Certain Protestants come to mind concerning education. Because they wanted people to read the Bible for themselves, they boosted the idea of widespread education. But I do not associate Protestants today at all with any progressive cause like that, at least the great bulk of them.
Nationalism today is, to my mind, unpleasantly narrow stuff. I, me, mine. It really is a larger-scale extension of tribalism, which I do not think anyone associates with anything good today, although, thousands of years ago, it undoubtedly served useful purposes.
I very much admire past efforts to create international organizations for trade and other important matters. Many good things happened in the postwar period along those lines.
Many of those organizations and arrangements are now under attack by staunch nationalist types, like Trump. (What an irony that such a hugger-of-his-flag for photo-ops and one who makes many military threats avoided military service, and on the flimsy excuse of bone spurs in a college basketball player!)
In the end, the attacks will only make the world a poorer place.
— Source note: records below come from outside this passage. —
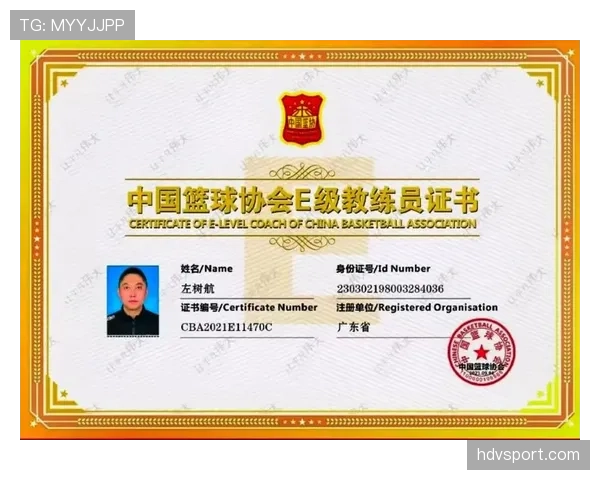 篮球比赛中教练技术犯规规则如何界定违规行为与处罚等级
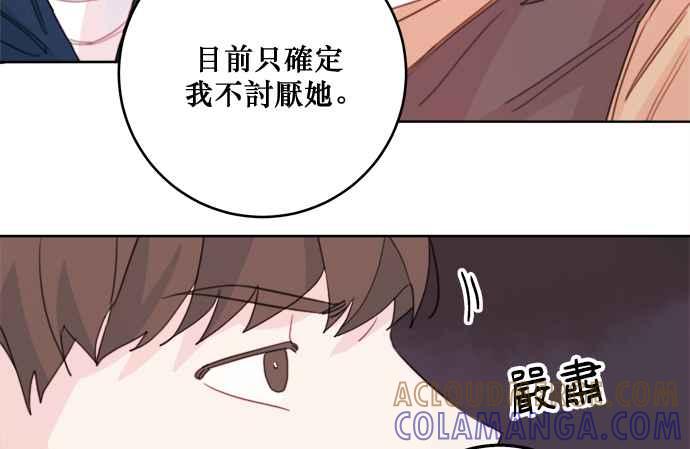《和你度过的今天》第10话 第13页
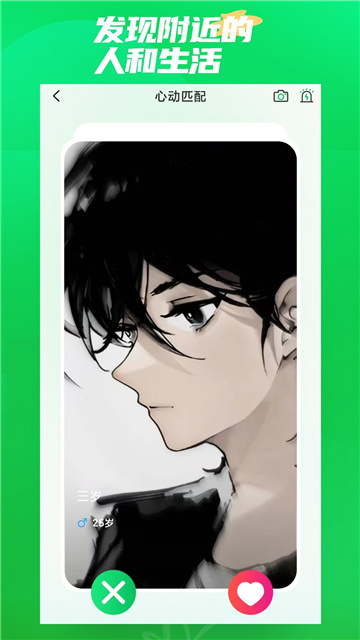 微妙奇缘app手机版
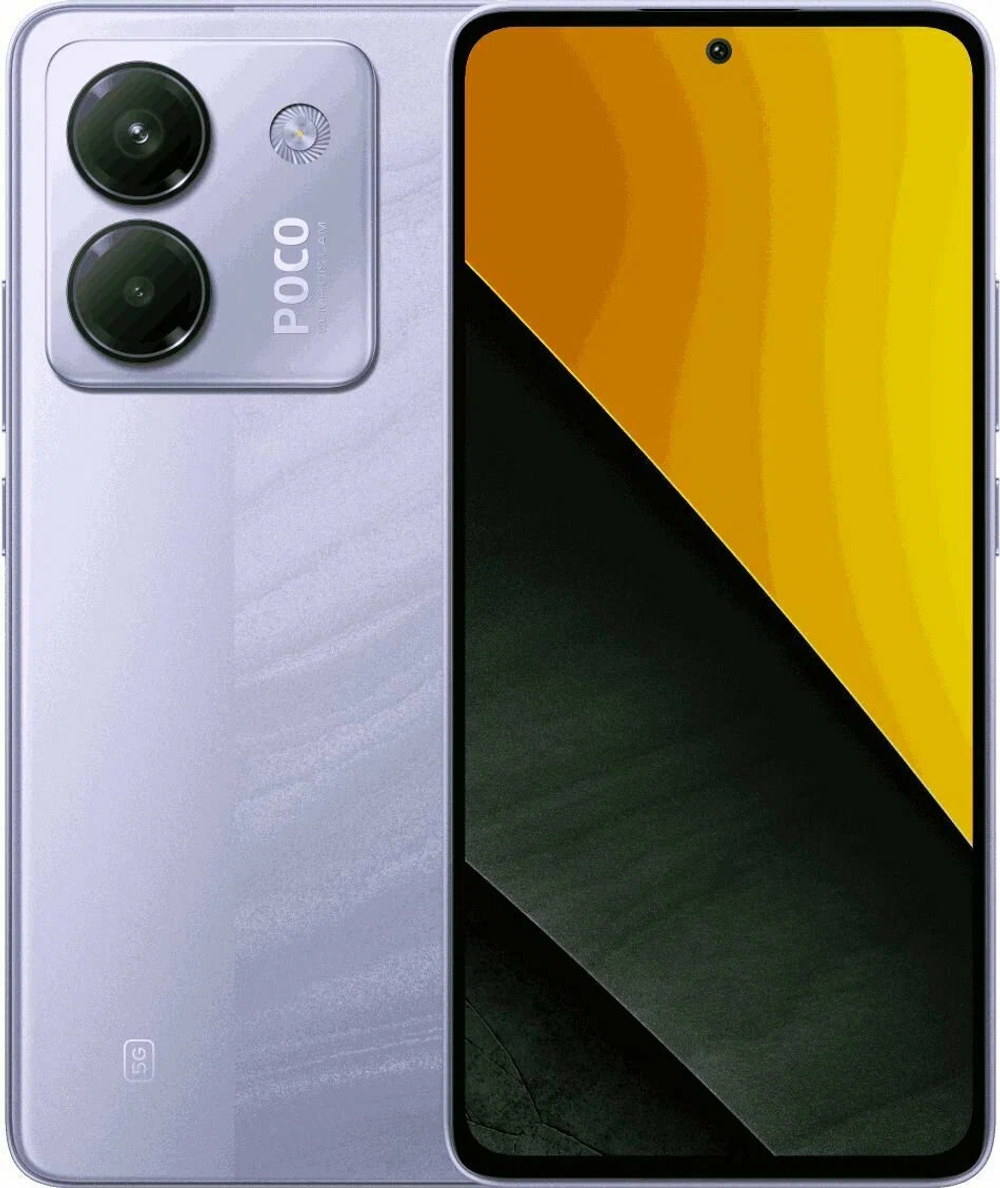 Poco M7 Pro 5G 12/256Gb EU Lavender Frost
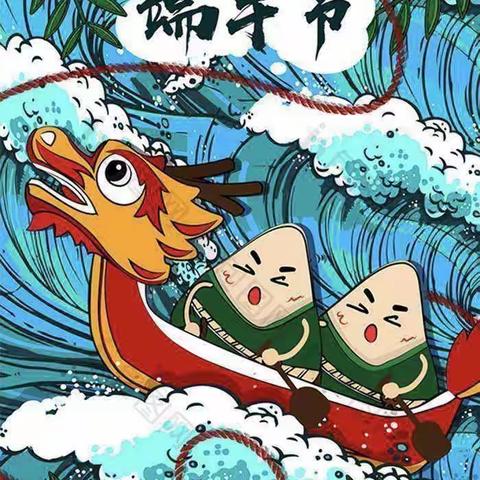 “🌸浓情端午，粽叶飘香🌸” —— 同兴镇中心幼儿园端午节美篇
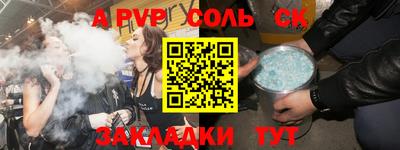 ПСИЛОЦИБИНОВЫЕ ГРИБЫ Кинель
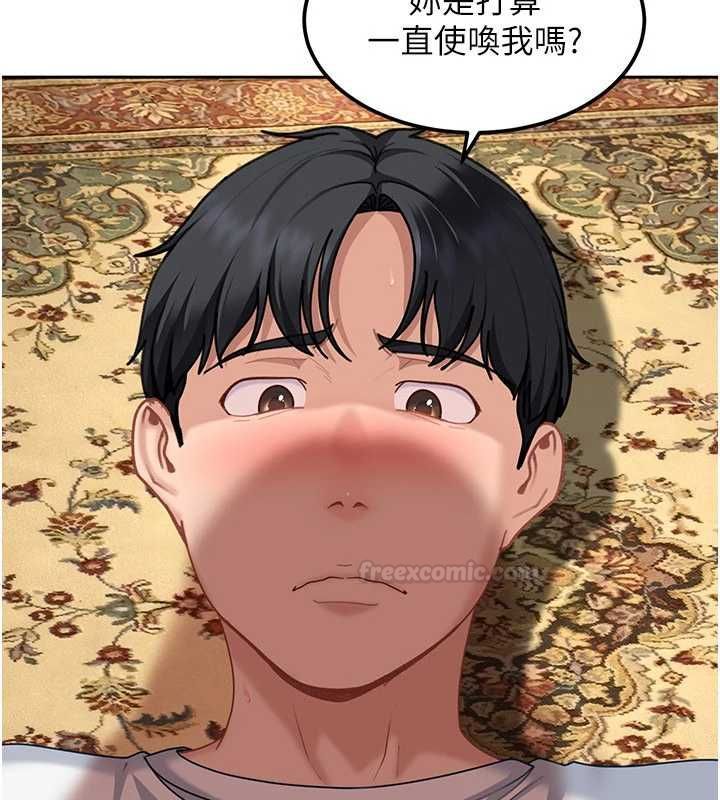 太妹硬闯成人界第27話-今晚可不可以陪陪我?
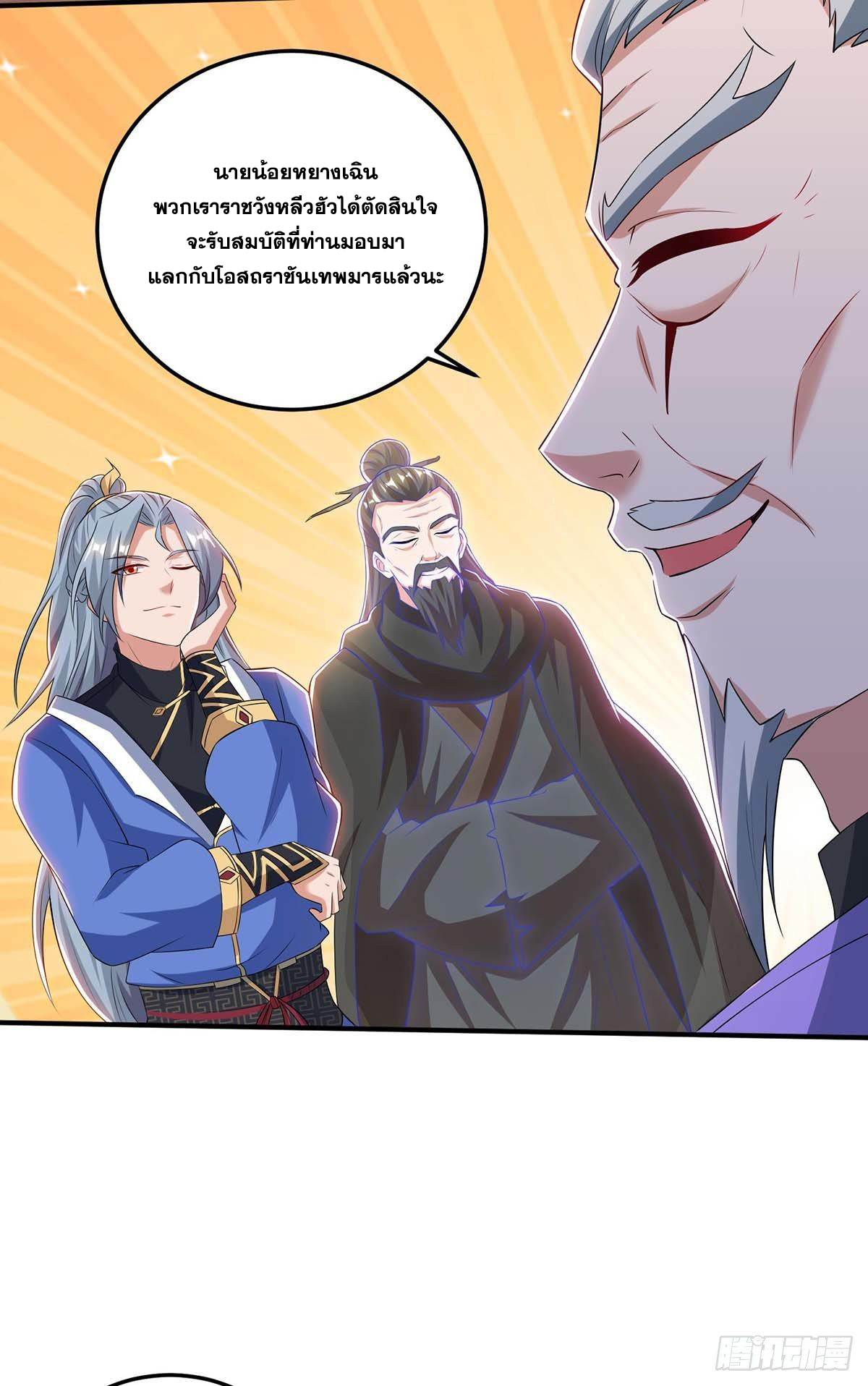 จักรพรรดิ 80,000 ปี ตอนที่ 61 หน้า 11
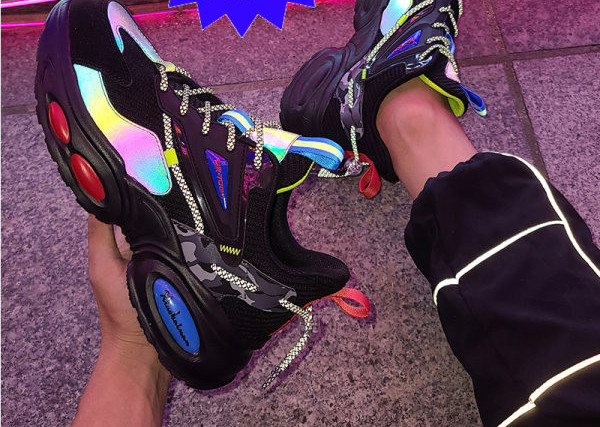 Sportske tenisice s grubim potplatom - nekoliko modela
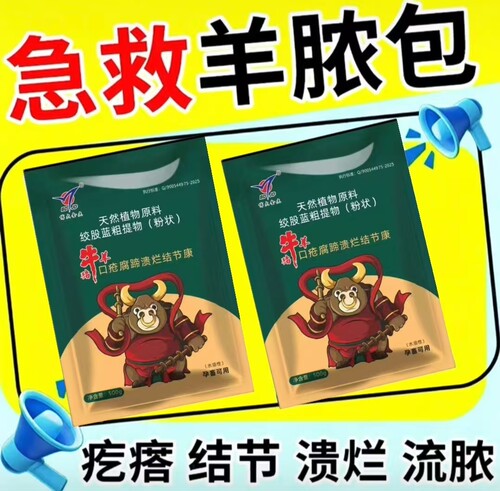 兽用口蹄疫猪牛羊口蹄五号病牛羊口疮烂蹄烂嘴水泡口蹄疫专用药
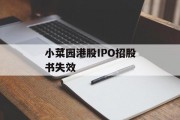 小菜园港股IPO招股书失效 小菜园港股IPO招股书失效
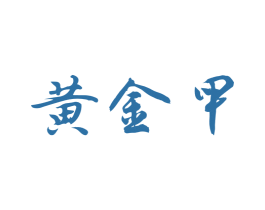黄金甲 第37类建筑修理商标图样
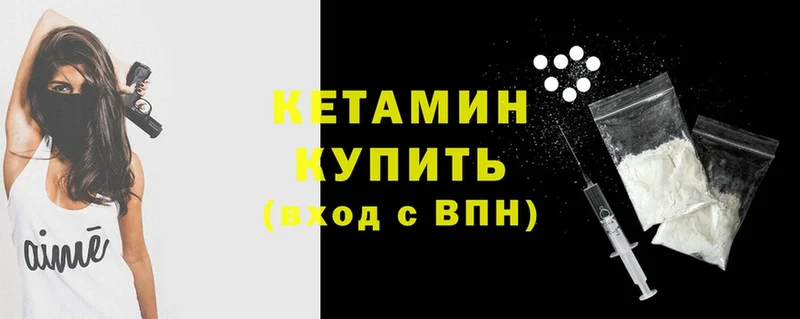 Кетамин ketamine  маркетплейс наркотические препараты  Арсеньев 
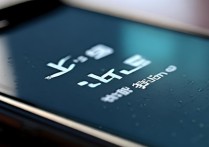 手机需要钢化膜吗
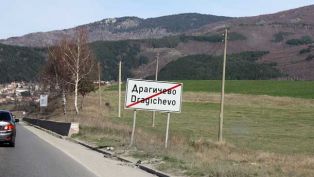 Блокираха пътя Перник-София. Има огромно задръстване
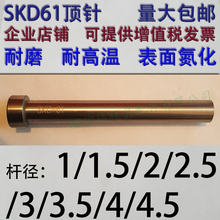 1.5 3.5 推 2.5 4.5 SKD61模具顶针 65MN 压铸塑胶顶杆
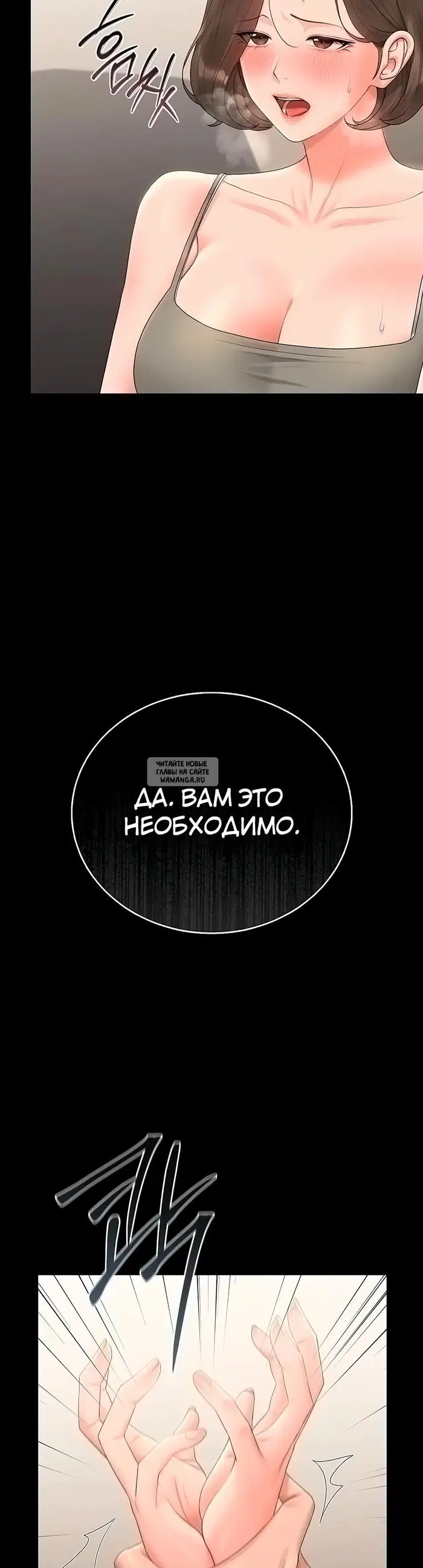 Page 53.000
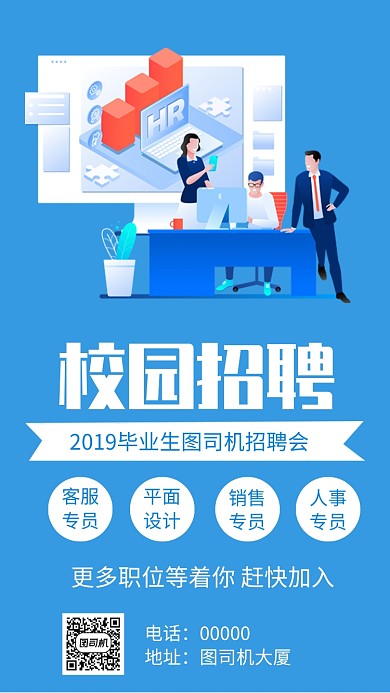 校园招聘人才手机海报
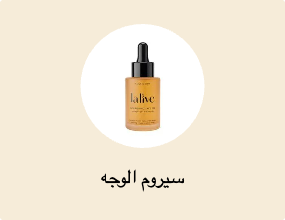 سيروم الوجه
They will also increase the likelihood of conflict. Since Trump’s crowd is deliberately using a kind of hybrid economic warfare to extract advantages for itself, it is busy right now increasing the likelihood of conflict.
Nation-states, too, are haphazardly created over the centuries. There is almost no pattern or consistency, some getting a wonderful natural endowment, and others getting very little indeed. Are international borders and armies to lock that extreme unfairness in for all time? What’s admirable about that?
There are many other matters at work too. All advanced countries have passed through Demographic Transition, and their populations cannot replace themselves without in-migration.
Some advanced countries actually face population decline, as Japan.
So, international migration will be a larger and larger part of things. Changes in climate will also affect these movements. The changes will not be the same in all places, and some populations will need to move. International order and authority will absolutely be required.
There are many other considerations, but I’ll leave it there.
Of course, anything I say is predicated on the current storm of difficulties not turning into a catastrophe, a world-shaking set of events, and I think that is not impossible.
I do think the pandemic, when it is over, may create demand for additional international measures, an international authority around medical matters and warning systems and unified responses and best practices. That would be a very good thing.